Codewise, this translates to:

In [17]:
import numpy as np
import matplotlib.pyplot as plt

# The first 0 is to cover the dummy 0th value
probs = np.array([0, 1/8, 0, 2/8, 1/8, 3/8, 1/8])

N = 10000

drawn_numbers = np.array([])

while drawn_numbers.size<=N:
    # First pick a random integer from [1,6]
    r = np.random.randint(1,7)
    
    # It's happening probability is probs[r],
    # so, roll a dice, if the outcome is less than the
    # probability, accept it, else, reject it
    if(np.random.rand()<probs[r]):
        drawn_numbers = np.append(drawn_numbers,r)

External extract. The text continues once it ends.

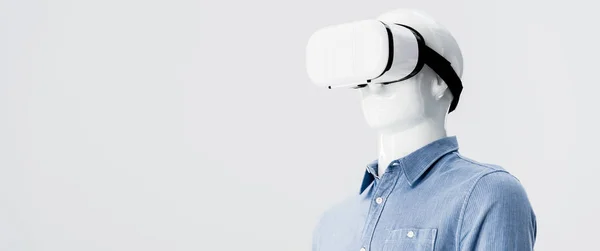 Panoramic shot of mannequin in clothes with Virtual reality headset isolated on grey with copy space — Stock Photo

# Calculate the frequencies of occurence & probabilities from the set:
freqs = np.zeros(7)
for i in range(1,7):
    freqs[i] = np.sum(drawn_numbers == i)
    print ("Number of occurences of %d: %d"%(i,freqs[i]))
    
probs2 = freqs / N
probs2 = probs2[1:7] # Taking out the dummy 0th entry
print("\nCalculated probabilities: \n",probs2)
plt.bar(range(1,7),probs2)
plt.bar(range(1,7),probs[1:7],color="none",edgecolor="red")
plt.title("PDF of a loaded 6-sided dice after %d rolls"%(N))
plt.show()
Number of occurences of 1: 1196
Number of occurences of 2: 0
Number of occurences of 3: 2519
Number of occurences of 4: 1237
Number of occurences of 5: 3790
Number of occurences of 6: 1259

Calculated probabilities: 
 [0.1196 0.     0.2519 0.1237 0.379  0.1259]

An Introduction to Continous Distributions & Gaussian Distribution

A continous distribution is characterized by a normalized PDF p(x) such that: \begin{equation*} \int_{-\infty}^{\infty}{p(x)\,\mathrm{d}x } = 1 \end{equation*}

Gaussian (Normal) distribution is one such distribution that occurs very frequently in nature. Its (normalized) form is given by:

\begin{equation*} G(x|\mu,\sigma) = {{1} \over {\sqrt{2\pi\sigma^2}}}\exp\left[-{{(x-\mu)^2}\over{2\sigma^2}}\right] \end{equation*}

where $(\mu,\, \sigma)$ are two variables that characterizes the symmetry center and the spanning of the gaussian curve (later, we'll see that they correspond to the mean & standard deviation of an ideal Gaussian distribution).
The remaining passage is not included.